Random Number Generation

The program performs permutation tests to select the number of joinpoints. Since fitting all N! possible permutations of the data would take too long, the program takes a Monte Carlo sample of these N! data sets, using a random number generator to calculate p-values for a series of permutation tests.

Here we discuss the implications of the choice of the number of permutation data sets, say N. The program runs faster with smaller values of N, but it gives better precision for the p-value with larger values of N. In addition, a larger N reduces the probability that another analysis of the same data might get a different answer when run with different random number generator seeds.

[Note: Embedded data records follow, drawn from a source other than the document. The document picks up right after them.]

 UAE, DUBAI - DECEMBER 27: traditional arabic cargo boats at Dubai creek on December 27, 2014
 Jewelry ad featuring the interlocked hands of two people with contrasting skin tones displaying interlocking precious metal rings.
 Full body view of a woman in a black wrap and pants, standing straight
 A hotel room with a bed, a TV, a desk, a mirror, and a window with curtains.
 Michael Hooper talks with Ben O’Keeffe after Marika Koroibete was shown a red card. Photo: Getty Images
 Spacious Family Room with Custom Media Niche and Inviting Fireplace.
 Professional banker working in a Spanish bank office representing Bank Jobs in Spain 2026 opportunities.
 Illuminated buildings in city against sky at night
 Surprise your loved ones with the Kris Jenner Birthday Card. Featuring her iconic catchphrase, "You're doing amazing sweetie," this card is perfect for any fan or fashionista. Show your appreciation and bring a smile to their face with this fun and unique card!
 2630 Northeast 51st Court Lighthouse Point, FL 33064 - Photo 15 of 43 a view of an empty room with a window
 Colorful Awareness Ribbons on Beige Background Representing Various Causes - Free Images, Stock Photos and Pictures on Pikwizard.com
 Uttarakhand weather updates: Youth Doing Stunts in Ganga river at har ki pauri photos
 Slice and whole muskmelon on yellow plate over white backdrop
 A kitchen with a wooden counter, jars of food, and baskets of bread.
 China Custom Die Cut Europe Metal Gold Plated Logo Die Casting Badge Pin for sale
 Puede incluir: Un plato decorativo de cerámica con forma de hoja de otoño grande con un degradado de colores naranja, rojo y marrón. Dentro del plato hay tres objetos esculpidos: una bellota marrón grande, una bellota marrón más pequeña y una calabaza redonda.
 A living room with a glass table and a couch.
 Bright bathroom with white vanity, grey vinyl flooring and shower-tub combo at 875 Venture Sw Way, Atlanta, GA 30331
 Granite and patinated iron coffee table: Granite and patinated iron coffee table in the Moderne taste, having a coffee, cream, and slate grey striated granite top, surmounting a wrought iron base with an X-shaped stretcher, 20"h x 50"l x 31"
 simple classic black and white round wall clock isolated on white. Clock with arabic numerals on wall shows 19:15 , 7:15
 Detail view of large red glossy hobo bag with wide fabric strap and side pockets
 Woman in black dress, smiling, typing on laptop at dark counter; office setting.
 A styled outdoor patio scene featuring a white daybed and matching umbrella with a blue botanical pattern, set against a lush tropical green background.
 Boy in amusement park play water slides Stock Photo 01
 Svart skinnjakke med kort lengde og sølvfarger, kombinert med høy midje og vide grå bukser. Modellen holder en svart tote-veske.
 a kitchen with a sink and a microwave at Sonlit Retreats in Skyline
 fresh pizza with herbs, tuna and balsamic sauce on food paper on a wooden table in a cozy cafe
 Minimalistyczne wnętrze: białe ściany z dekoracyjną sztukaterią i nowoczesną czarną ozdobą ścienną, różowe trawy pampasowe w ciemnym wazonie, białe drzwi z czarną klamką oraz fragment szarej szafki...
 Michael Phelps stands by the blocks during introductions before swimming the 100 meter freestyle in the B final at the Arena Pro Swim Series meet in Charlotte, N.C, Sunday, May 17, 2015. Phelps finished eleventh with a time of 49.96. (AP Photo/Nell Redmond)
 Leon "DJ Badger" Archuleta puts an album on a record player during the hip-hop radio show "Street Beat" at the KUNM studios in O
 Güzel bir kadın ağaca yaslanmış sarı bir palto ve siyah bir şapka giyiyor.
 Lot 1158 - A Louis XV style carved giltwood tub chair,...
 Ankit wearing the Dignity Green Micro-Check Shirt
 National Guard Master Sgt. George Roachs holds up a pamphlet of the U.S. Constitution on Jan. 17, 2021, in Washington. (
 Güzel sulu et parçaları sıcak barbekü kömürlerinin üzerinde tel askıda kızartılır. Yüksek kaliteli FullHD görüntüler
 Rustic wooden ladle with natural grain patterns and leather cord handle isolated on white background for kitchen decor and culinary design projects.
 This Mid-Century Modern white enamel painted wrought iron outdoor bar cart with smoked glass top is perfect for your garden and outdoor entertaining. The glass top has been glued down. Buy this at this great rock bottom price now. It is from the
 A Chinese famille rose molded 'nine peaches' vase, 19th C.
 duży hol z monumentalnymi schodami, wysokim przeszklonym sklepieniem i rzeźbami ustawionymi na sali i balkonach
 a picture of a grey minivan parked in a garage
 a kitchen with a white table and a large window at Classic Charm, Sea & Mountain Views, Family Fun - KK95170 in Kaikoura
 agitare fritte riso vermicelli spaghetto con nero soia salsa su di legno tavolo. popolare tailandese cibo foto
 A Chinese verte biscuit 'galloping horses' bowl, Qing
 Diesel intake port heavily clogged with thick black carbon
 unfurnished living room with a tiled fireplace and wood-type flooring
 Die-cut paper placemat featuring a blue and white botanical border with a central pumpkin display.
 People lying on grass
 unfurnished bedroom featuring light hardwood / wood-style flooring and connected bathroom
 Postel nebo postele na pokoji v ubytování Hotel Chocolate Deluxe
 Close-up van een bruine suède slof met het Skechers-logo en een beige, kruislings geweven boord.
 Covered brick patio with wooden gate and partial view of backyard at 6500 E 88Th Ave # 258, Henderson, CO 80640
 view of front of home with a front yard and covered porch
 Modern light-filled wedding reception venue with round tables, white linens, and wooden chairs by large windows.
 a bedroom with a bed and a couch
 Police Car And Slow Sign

Computer programs can produce pseudo-random numbers through algorithms that mimic randomness, which we use to shuffle or permute the errors. The algorithms use a seed or seeds to start the algorithm. These seeds can be used to produce repeatable pseudo-random numbers. The problem of two analyses obtaining different answers from the same data is addressed by this program by specifying default random number generator seeds. Thus, as long as no parameters are changed (including the random number generator seed and N), repeats of the analyses will produce the same results. Otherwise, two runs of the same analysis using different seeds could get different answers.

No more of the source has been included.